### TASK STATEMENT
Once you reach the line containing "Vintage Signed Monet" in the entries below, write out that line and each one after it down to the line containing "Lantern Candle Holder", exactly and with nothing added.

### WORKING DATA
##############################
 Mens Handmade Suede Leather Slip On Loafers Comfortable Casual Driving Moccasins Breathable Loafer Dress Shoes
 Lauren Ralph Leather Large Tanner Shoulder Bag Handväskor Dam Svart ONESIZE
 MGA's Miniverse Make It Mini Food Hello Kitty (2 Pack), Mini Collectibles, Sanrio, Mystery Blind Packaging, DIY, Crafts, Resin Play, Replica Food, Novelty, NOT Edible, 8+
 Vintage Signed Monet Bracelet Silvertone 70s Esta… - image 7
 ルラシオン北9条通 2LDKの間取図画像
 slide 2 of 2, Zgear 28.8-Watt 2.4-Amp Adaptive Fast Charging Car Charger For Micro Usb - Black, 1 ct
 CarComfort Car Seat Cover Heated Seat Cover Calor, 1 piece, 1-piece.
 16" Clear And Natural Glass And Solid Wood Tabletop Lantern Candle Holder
##############################
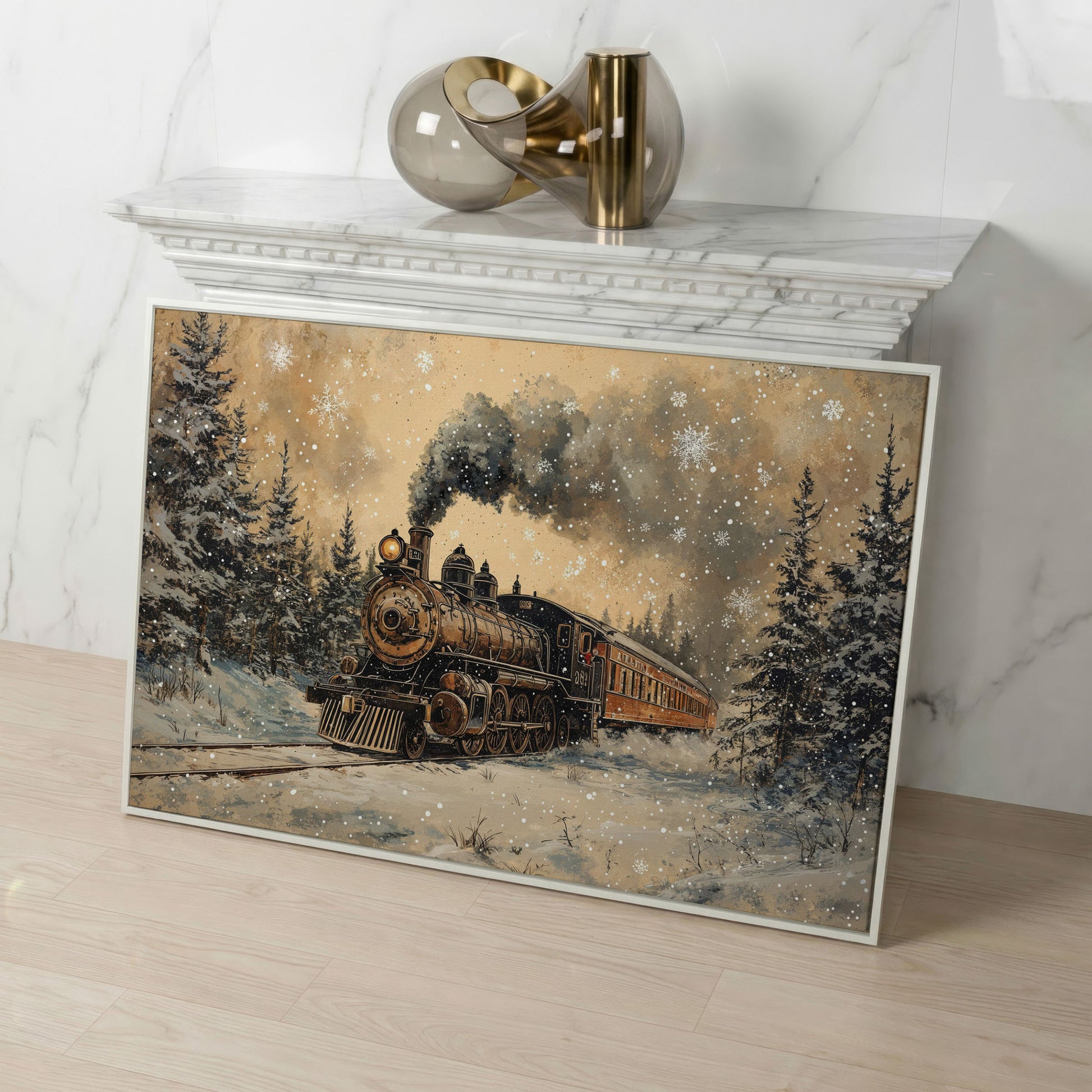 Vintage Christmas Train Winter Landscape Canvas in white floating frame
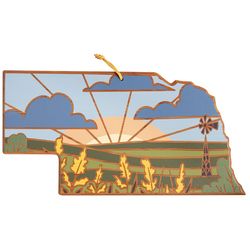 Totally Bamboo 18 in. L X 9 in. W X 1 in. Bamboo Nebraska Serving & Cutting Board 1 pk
##############################
### RESPONSE FOR THIS EXERCISE
 Vintage Signed Monet Bracelet Silvertone 70s Esta… - image 7
 ルラシオン北9条通 2LDKの間取図画像
 slide 2 of 2, Zgear 28.8-Watt 2.4-Amp Adaptive Fast Charging Car Charger For Micro Usb - Black, 1 ct
 CarComfort Car Seat Cover Heated Seat Cover Calor, 1 piece, 1-piece.
 16" Clear And Natural Glass And Solid Wood Tabletop Lantern Candle Holder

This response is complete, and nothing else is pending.